Especialistas da agência da ONU concluíram que embarcação que naufragou perto do Haiti não faz parte da frota de Cristovão Colombo; segundo eles o material encontrado no fundo do mar é de uma época posterior.

Edgard Júnior, da Rádio ONU em Nova York.

A Organização das Nações Unidas para Educação, Ciência e Cultura, Unesco, afirmou esta segunda-feira que os destroços de uma embarcação que naufragou perto da costa do Haiti não são da caravela Santa Maria.

Os especialistas da agência da ONU disseram, depois de examinar o material encontrado no fundo do mar, que os restos são de uma era posterior à época da caravela.

Provas

O chefe da missão da Unesco, Xavier Nieto Prieto, afirmou que "existem agora provas incontestáveis de que os destroços encontrados são de um período muito mais tarde".

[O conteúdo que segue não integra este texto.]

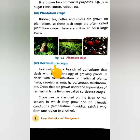Next, horticulture crops. Horticulture is a branch of agriculture that deals with the technology of growing plants. It deals with the cultivation of medicinal plants, fruit, vegetables, nuts, herbs, sprouts, mushroom, etc.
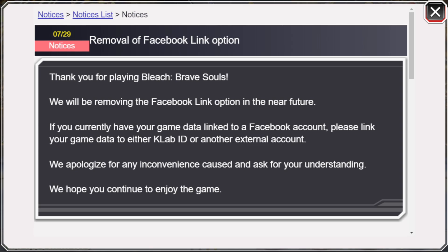So if you have linked your BBS account to Facebook and you don't make a K Lab ID or link it to an external account, you could potentially lose your account if you ever delete BBS or try to move it over. So we're going to talk about how to make a K Lab ID — I think that's the easiest way because they're never going to get rid of a K Lab ID.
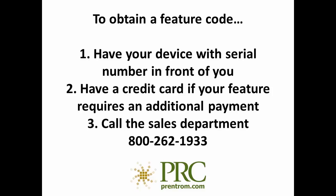In order to obtain a feature code, have your device with serial number in front of you, have a credit card if your feature requires an additional payment, and then call the sales department at 800-262-1933. The sales department will then issue the feature code.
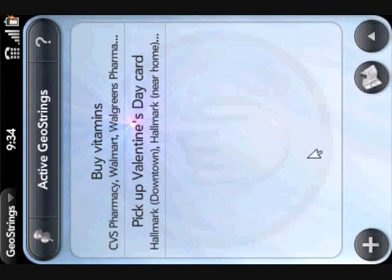Welcome to GeoStrings, an app for the Palm Pre and Palm Pixie that lets you set location-based reminders. When you load the app, your list of active GeoStrings are displayed. These are the reminders you've set for yourself.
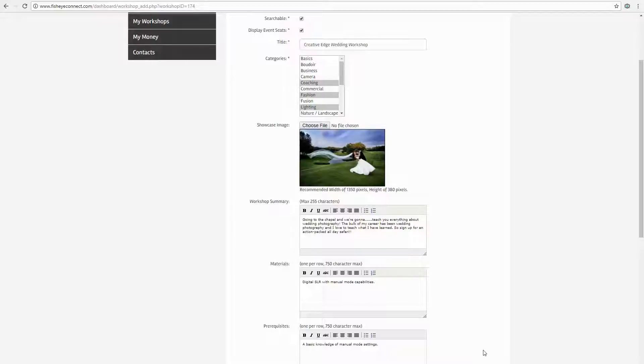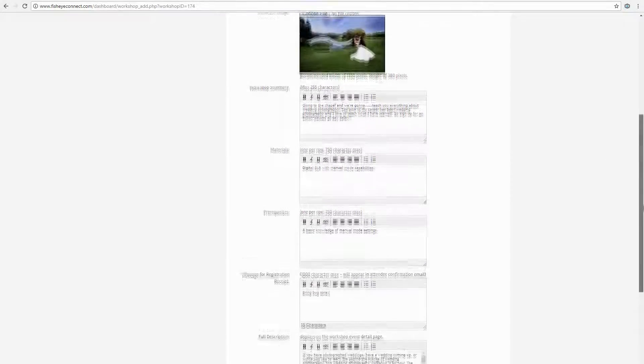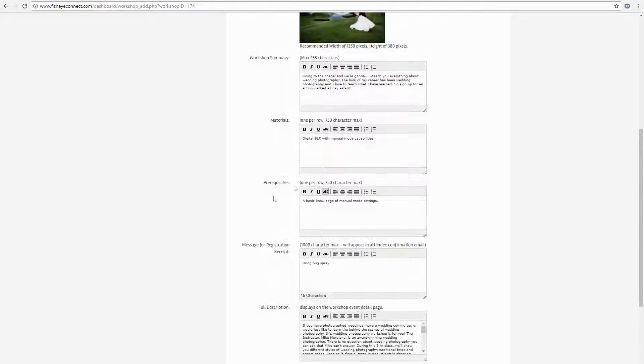You will have the ability to customize this message when you're creating your workshop. Once you have created your workshop and you scroll down, you will see a selection called Message for Registration Receipt.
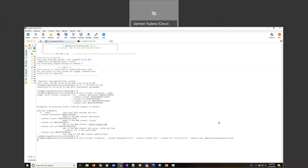After that, just press enter and it will prompt you for the password. It will take a few minutes.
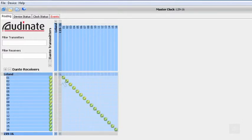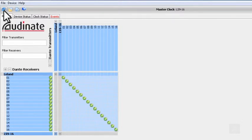This will quickly patch channels one-to-one between these two devices. Now we're ready to transmit 16 channels of audio between our LS9-16 and our computer.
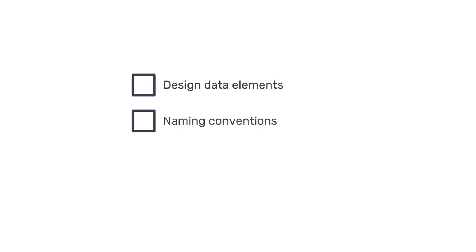You now know how to design data elements and incorporate best practices for naming conventions.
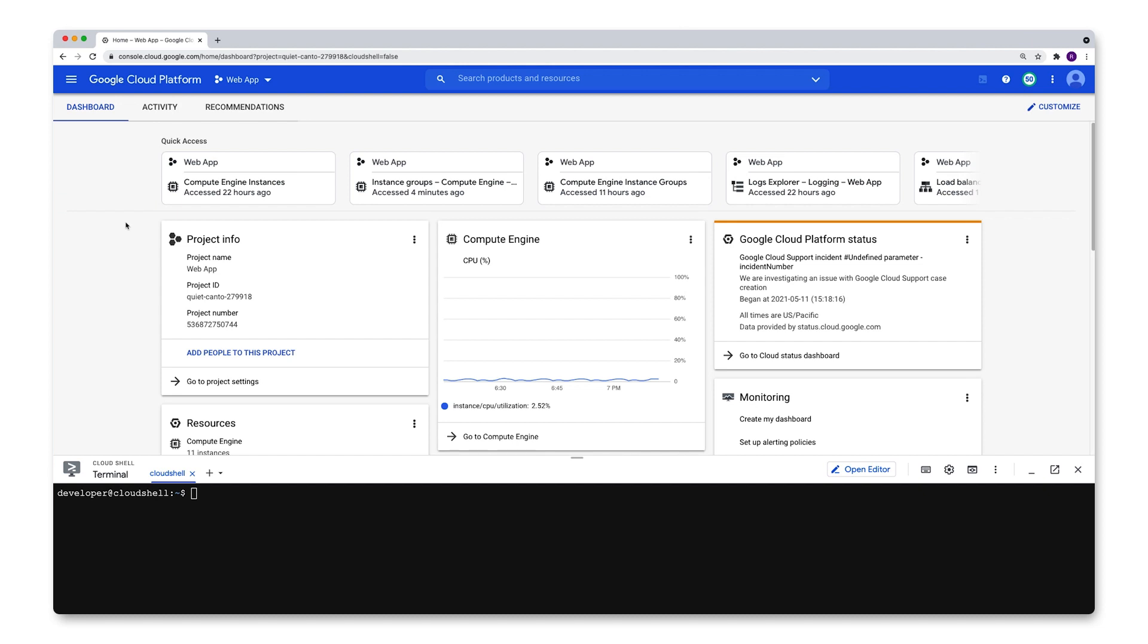Okay, so today I'm going to talk about Google Cloud's managed instance groups, specifically the auto-healing feature.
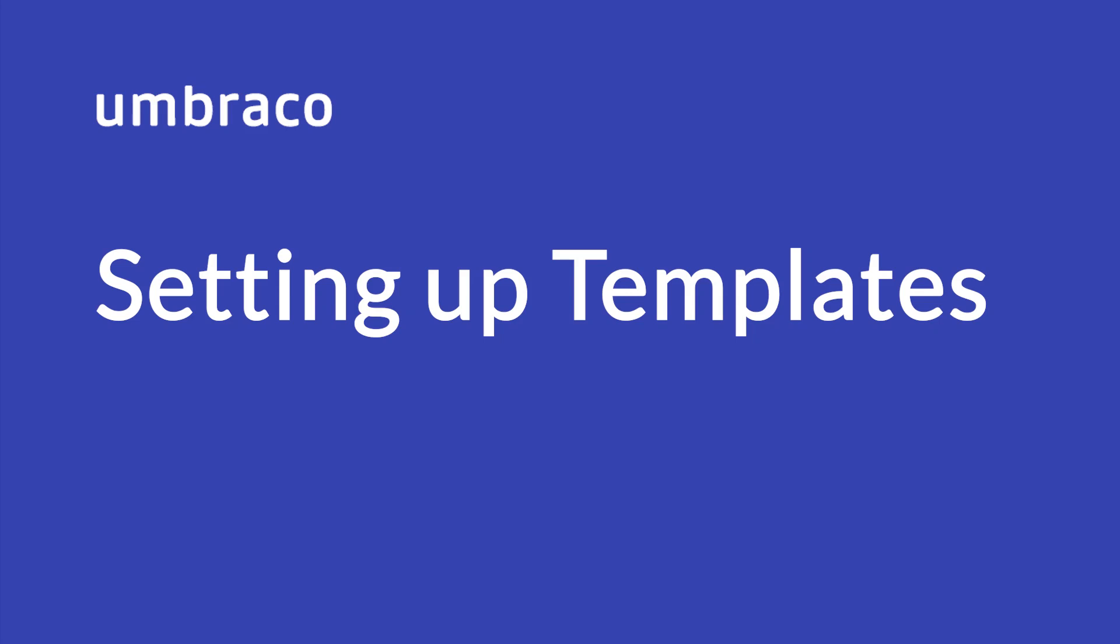In the previous video, templates were introduced and explained. Now it's time to take it to the next level. In this video, I'll walk you through the first steps of setting up our templates and start rendering out our content.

Segundo Prieto, os fixadores de bronze ou de cobre encontrados no local eram técnicas de fabricação de navios utilizadas nos séculos 17 e 18. Antes dessa época, os fixadores eram de ferro ou madeira, como é o caso da caravela de Cristovão Colombo.

Naufrágio

A Santa Maria naufragou na noite de 24 para 25 de dezembro de 1492. Segundo o diário do navegador italiano, os destroços estão numa área muito longe da costa do Haiti para serem da embarcação de Colombo.

A Santa Maria fez parte junto com as caravelas Nina e Pinta da frota de Cristovão Colombo em sua primeira viagem à América.

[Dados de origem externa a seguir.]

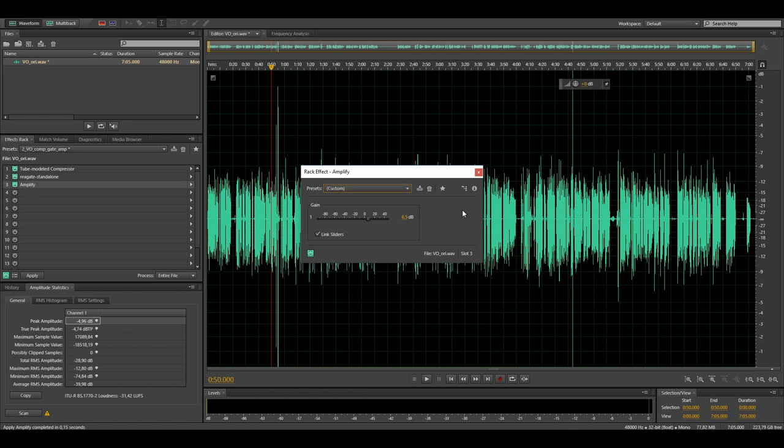But because I lose a tiny bit of loudness because of the compression I have to add just a bit more amplification which is why the amplification effect has a 6.5dB boost.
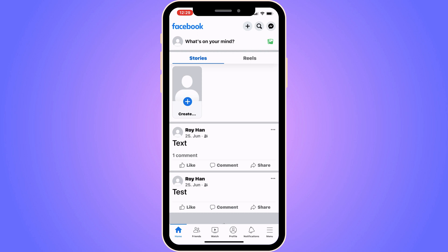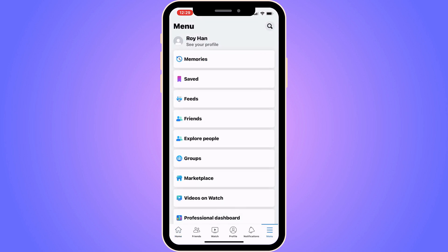We need to firstly go into our Facebook app and then log into your Facebook account. Once you're on the home page, we're going to click on the three lines. For me it is in the bottom right corner, but for some of you the three lines will be in the top right corner instead. Click there and you should be taken to this page.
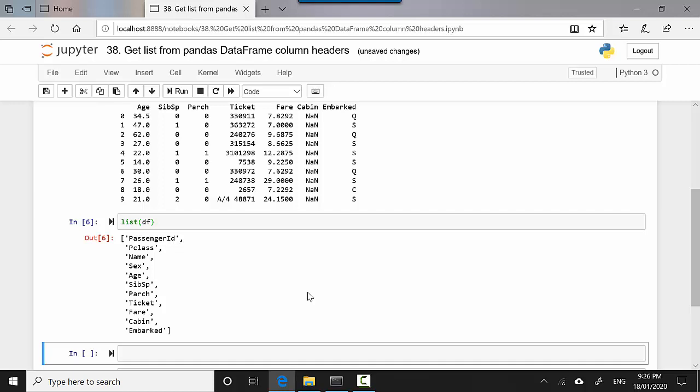In this video we learned how to find a list of headers or column names for a dataframe in pandas. I hope you found this video useful. Thanks for watching. Please do subscribe to my channel if you enjoy what I'm doing. Cheers, bye!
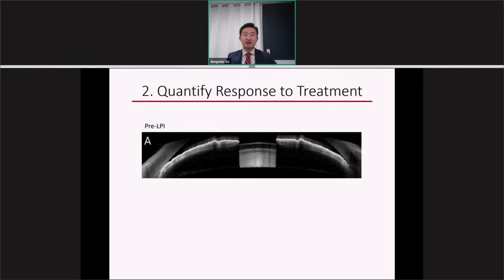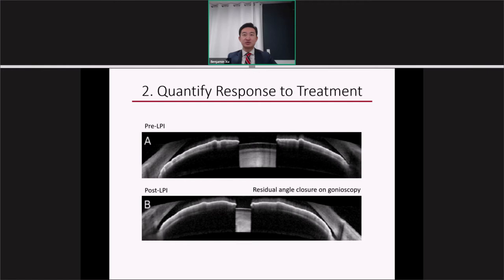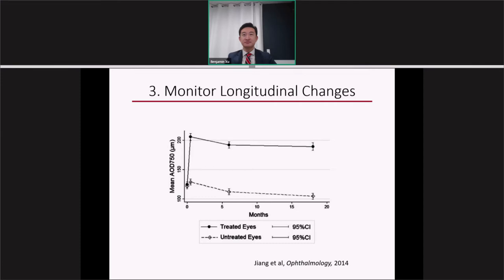Another application of ASOCT is the ability to quantify response to treatment. Using the Heidelberg Spectralis with the anterior segment module, we can visualize the iris, lens, and anterior chamber angle. In a patient who received a laser peripheral iridotomy for angle closure, there was still residual angle closure on gonioscopy after treatment. However, based on ASOCT, we can see widening of the angle and use measurement tools to assess exactly how much the angle has widened after treatment.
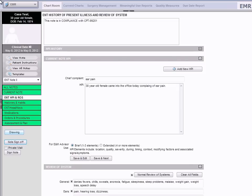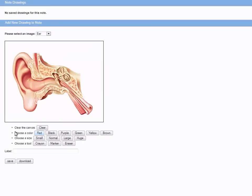In this example, I have a patient who has come into the office complaining of ear pain. I'm going to click on the Drawing button to upload an image into my note.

A Missão da Unesco visitou a região entre 9 e 14 de setembro. Nieto Prieto foi escolhido para comandar o grupo depois que o governo haitiano pediu a agência da ONU que realizasse uma investigação sobre os destroços.

O material foi encontrado no fundo do mar, em maio deste ano, pelo explorador americano Bill Clifford. Na época, ela havia identificado a embarcação como sendo a caravela Santa Maria.